As most things do, this started off really fun, but kinda began to stress us out about 10 minutes in.  We eventually did find the bridge, and went up to navigate, but ended up turned around several times, sometimes following the dragon flies without another good idea of what to do.  Eventually, I began an earnest prayer to the corn god.  We were cornfused, in a maize of sin, and only the corn gods, with their delicious bread, could lead us out, and just a few moments later, we arrived at the exit.  It only took us 20 minutes, which is probably a Shannon and Lizzie world record, if not a corn maze world record.  We did not have to call the fire department to chopper us out, and we did not give up and decide to live in the poop-filled corn rows.

Hallelujah.


What's up?


High on A Hill Lived a Lonely Goatherd

 Because the 30th anniversary is the diamond anniversary, Lizzie and I decided to continue the celebration of our friendiversary to Stowe (VT).  We went up on a Friday afternoon, so didn't arrive until after 7, leaving just enough time to eat dinner and polish off a bottle of pre-mixed margarita.  Classy!  Saturday we crammed in quite a few activities, including exploring Mt. Mansfield and Smuggler's Notch (used for smuggling booze and what not back in the day) and of course, the Von Trapp Family lodge.

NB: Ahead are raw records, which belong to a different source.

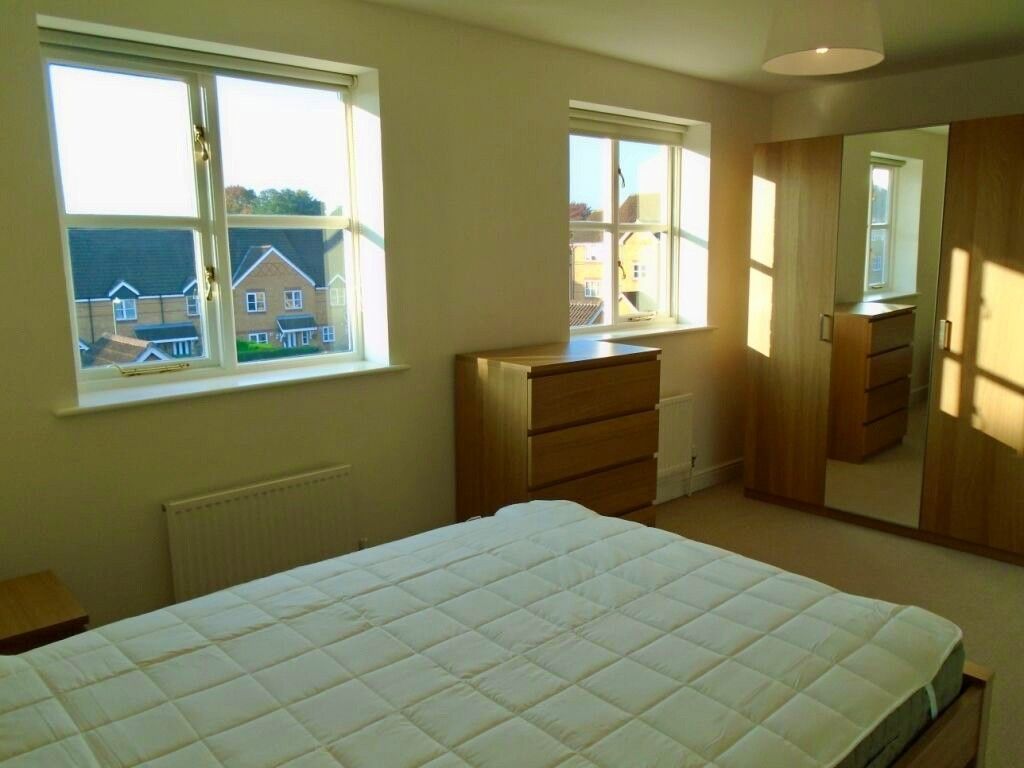 Property photo 3 of 12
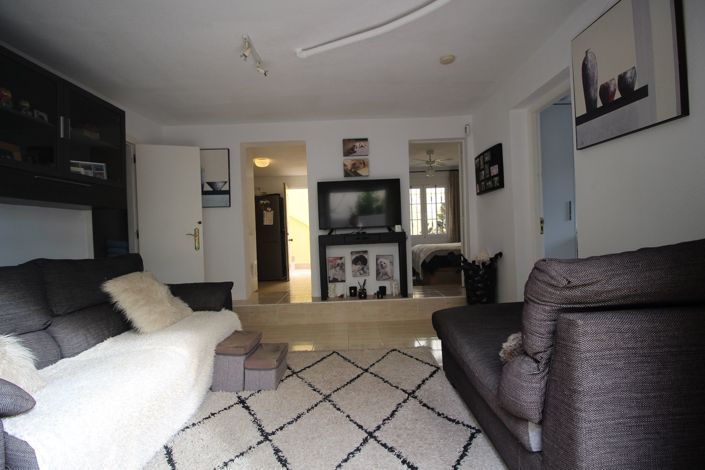 Image No.26-4 Bed Villa for sale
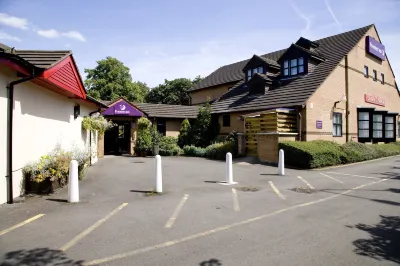 Northampton South (Wootton) Hotels near University of Northampton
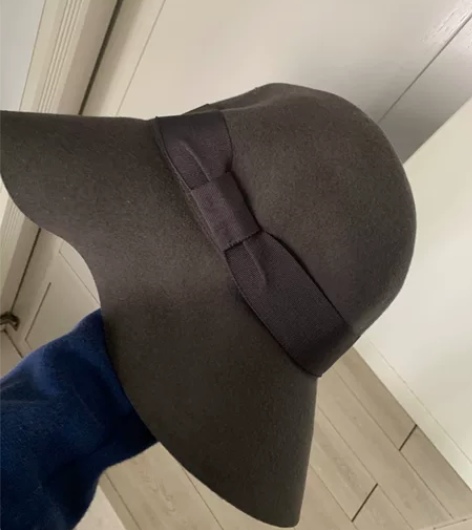 优衣库 羊毛 帽子 礼帽 秋冬 全新 买回...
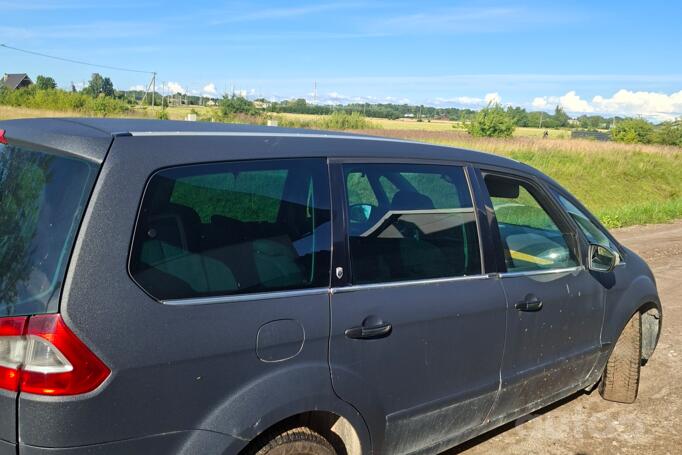 Ford Galaxy 2 generation Minivan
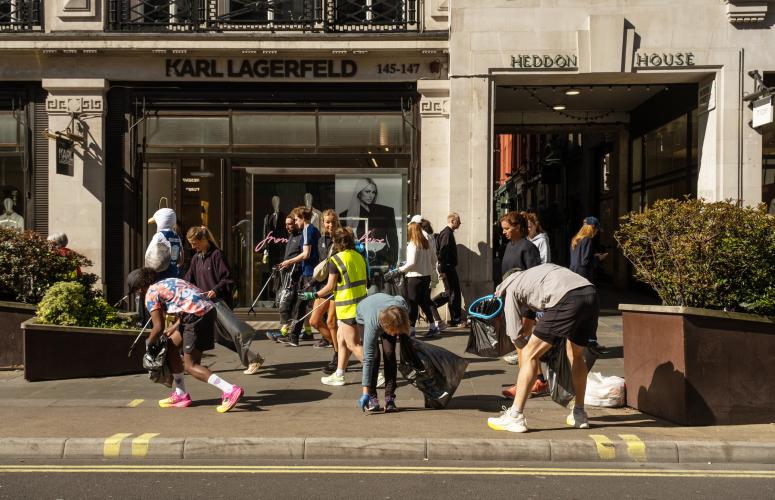 Ploggers in Central London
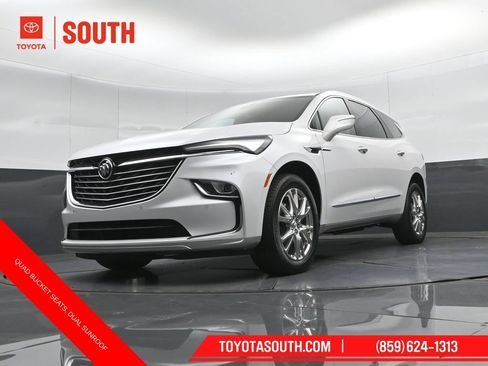 Used 2023 Buick Enclave Essence w/ Experience Buick Package AWD/4WD image 42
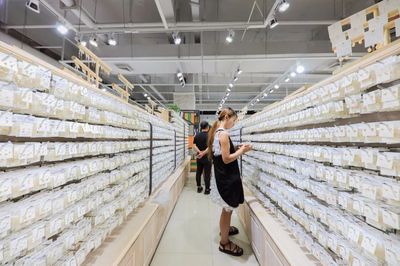 唤醒城市商贸新活力 俊发集团引领鞋帽零售的城市更新之路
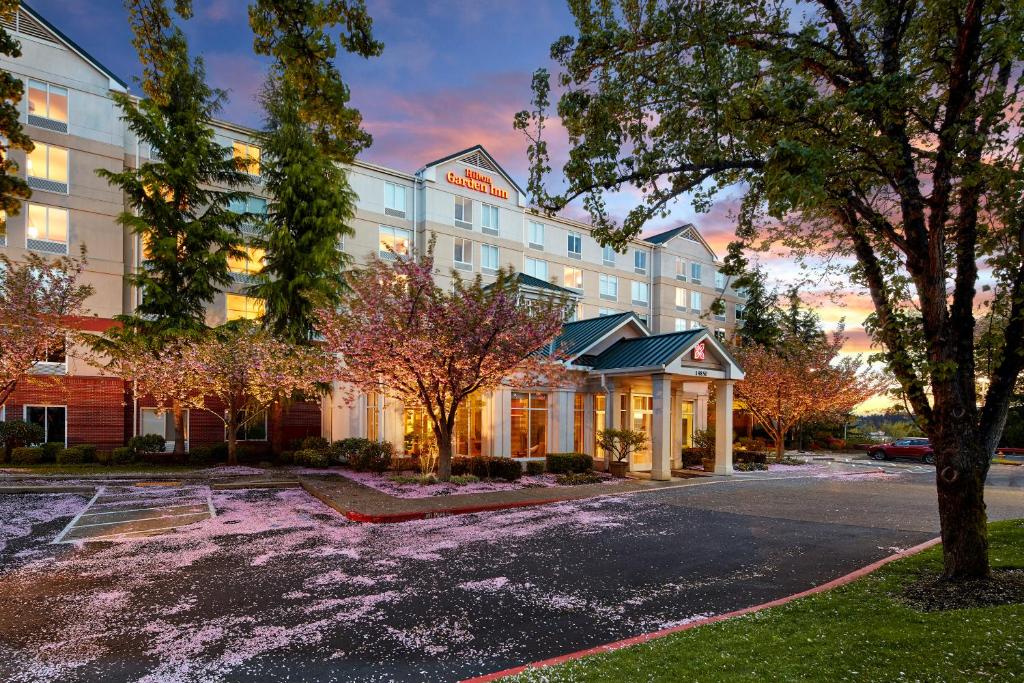 Hilton Garden Inn Lake Oswego - main image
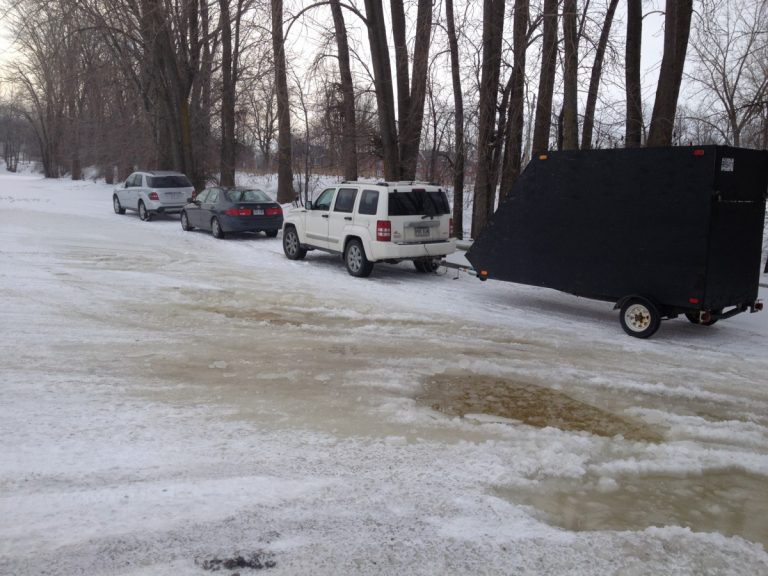Le chef Lussier rappelle aux amateurs de pêche blanche de laisser au moins 10 pieds entre les véhicules garés, afin d'éviter toute situation fâcheuse.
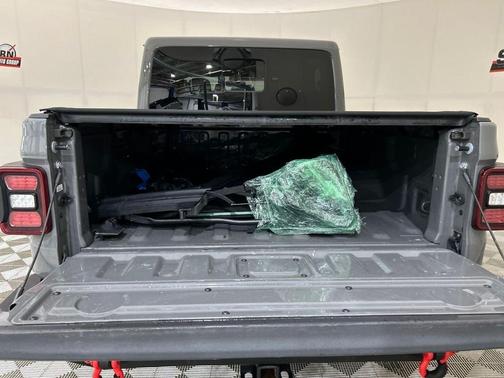 Gray 2021 Jeep Gladiator Mojave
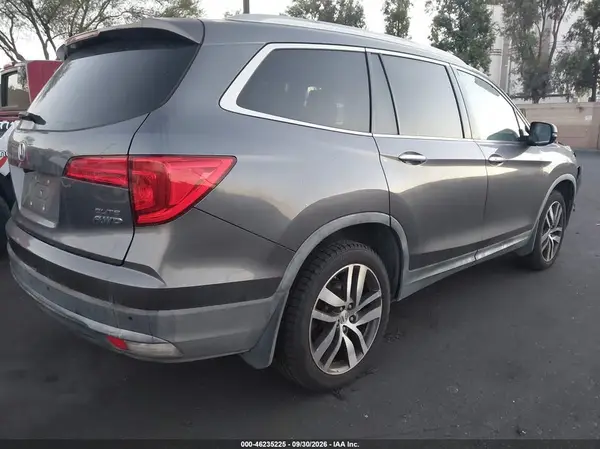 2017 HONDA PILOT VIN 5FNYF6H01HB015774 фото 4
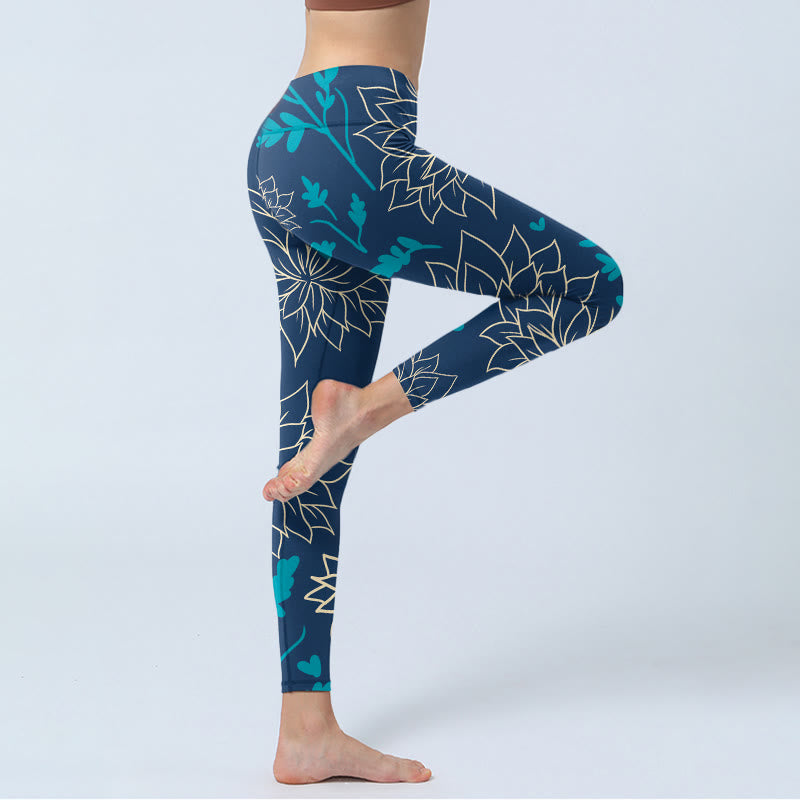 Legginsy do jogi damskie z nadrukiem "Buddha Stones w beżowe kwiaty i niebieskie liście" - image 4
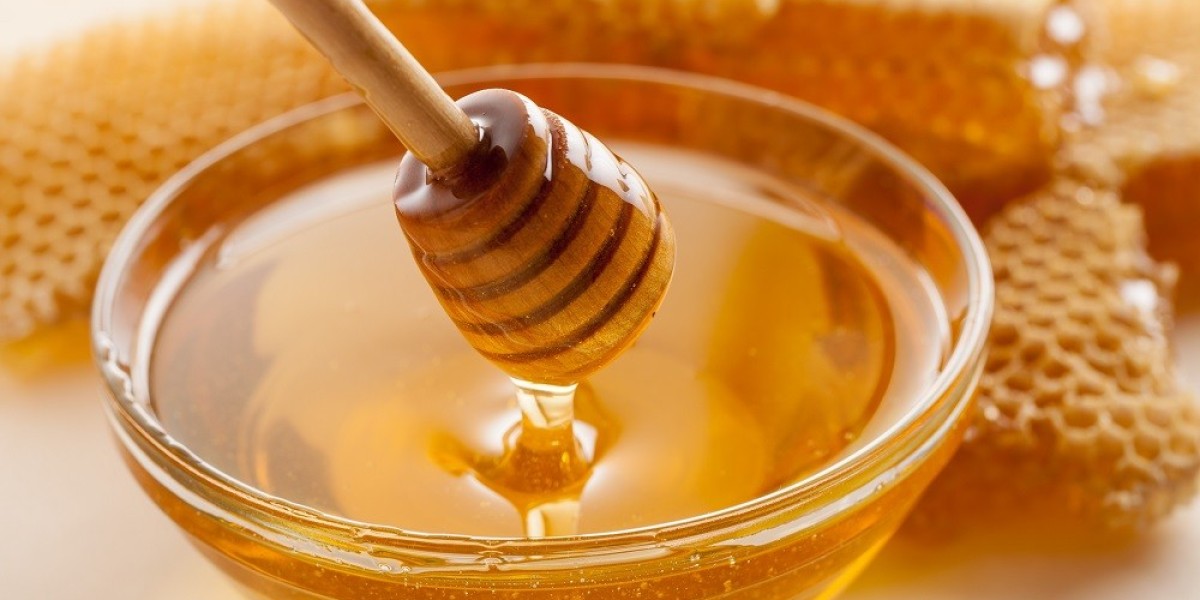 Why Choose Organic Honey? Benefits for Health, Environment, and Quality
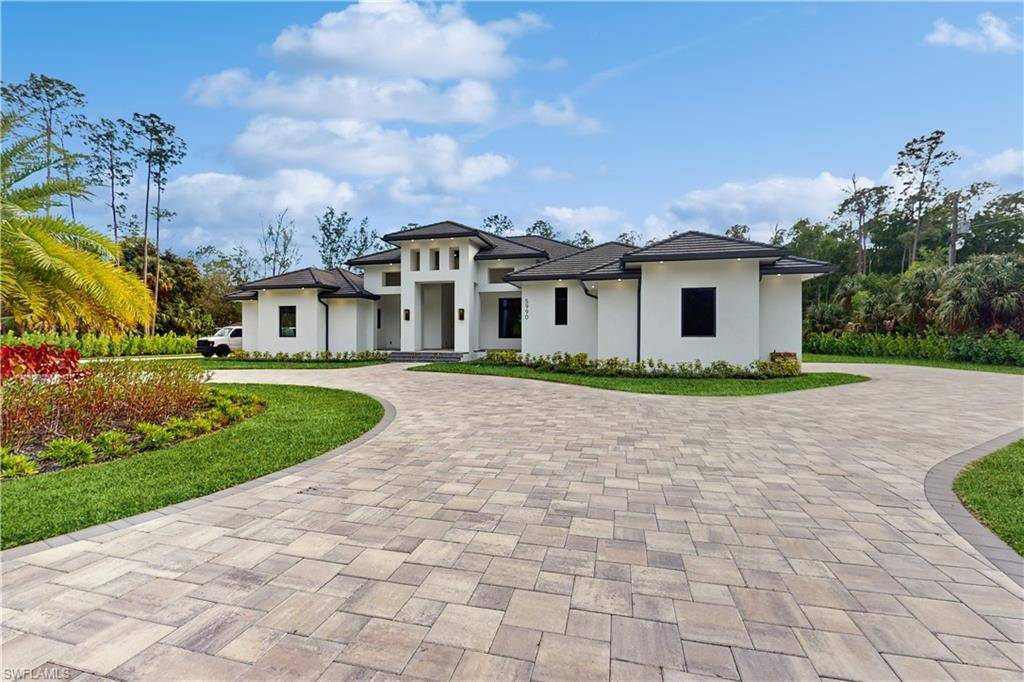 Naples, FL 34119,5990 English Oaks LN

Here you see me coercing Lizzie into doing her best "THE HILLS ARE ALIVEEEEEE" spin with the mountain backdrop.  After fleeing nazi Austria, Maria and Georg settled here in Vermont in 1942.  Poor Georg died in 1947 (lung cancer.  don't smoke, kids) and Maria and the kids (including the three she had with Georg--That's like 10 total) expanded their house into a ski lodge.  This ski lodge burned down (killing at least one guest) and on the site they rebuilt an "Austrian-style" lodge because the von trapps super know how to monetize everything.

So the Sound of Music is obviously fictionalized, but interestingly, Maria wasn't super stoked about marrying Georg--he was 25 years her senior--but she did love the kids, and so ended up marrying him anyway.  In her own words:  "I really and truly was not in love. I liked him but didn't love him. However, I loved the children, so in a way I really married the children. I learned to love him more than I have ever loved before or after."  Glad that worked out.  I was always kind of team Baroness von Schraeder and the boarding school idea.

Georg and Maria are interred at the lodge, in a fenced off area I initially thought was reserved for on-lodge weddings.  No.  I was very, very wrong.